● **RECORDED DATA**:
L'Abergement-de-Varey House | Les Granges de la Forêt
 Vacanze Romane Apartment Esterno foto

...

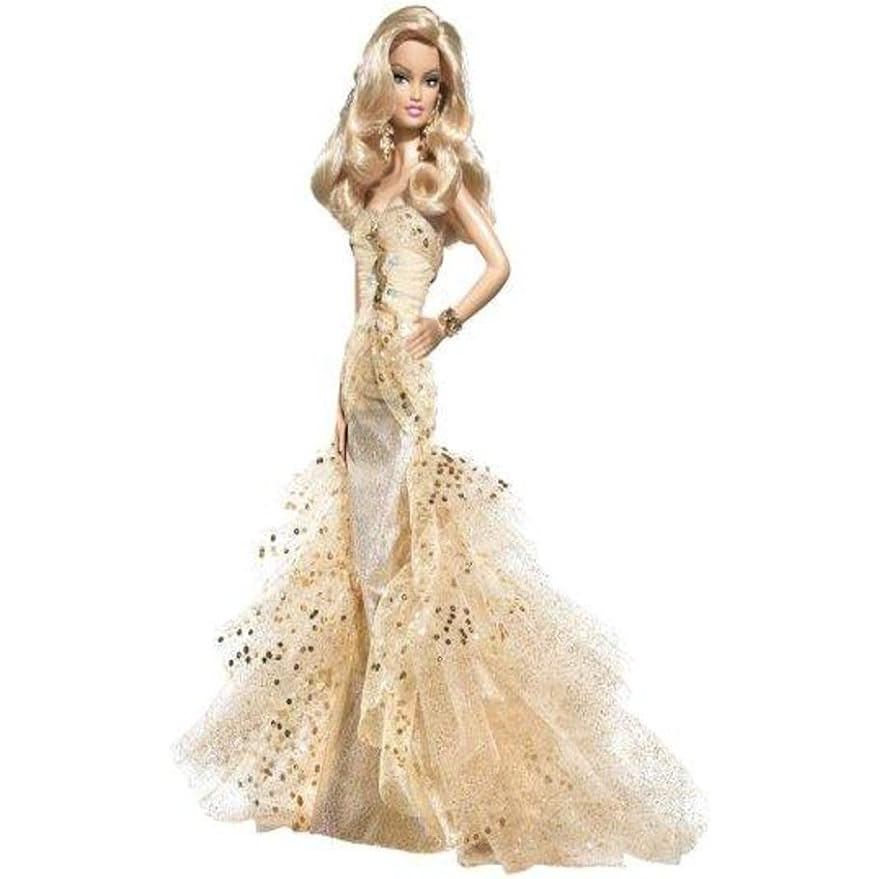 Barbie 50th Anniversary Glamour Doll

...

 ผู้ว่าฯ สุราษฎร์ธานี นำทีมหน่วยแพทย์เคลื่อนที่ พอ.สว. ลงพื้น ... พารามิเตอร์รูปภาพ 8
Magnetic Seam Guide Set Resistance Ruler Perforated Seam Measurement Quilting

● **YOUR OBJECTIVE**: Reproduce verbatim only the segment of the listing bounded by the line containing "L'Abergement-de-Varey House |" and the line containing "Vacanze Romane Apartment Esterno foto", with both boundary lines included.

● **OUTPUT BELOW**:
L'Abergement-de-Varey House | Les Granges de la Forêt
 Vacanze Romane Apartment Esterno foto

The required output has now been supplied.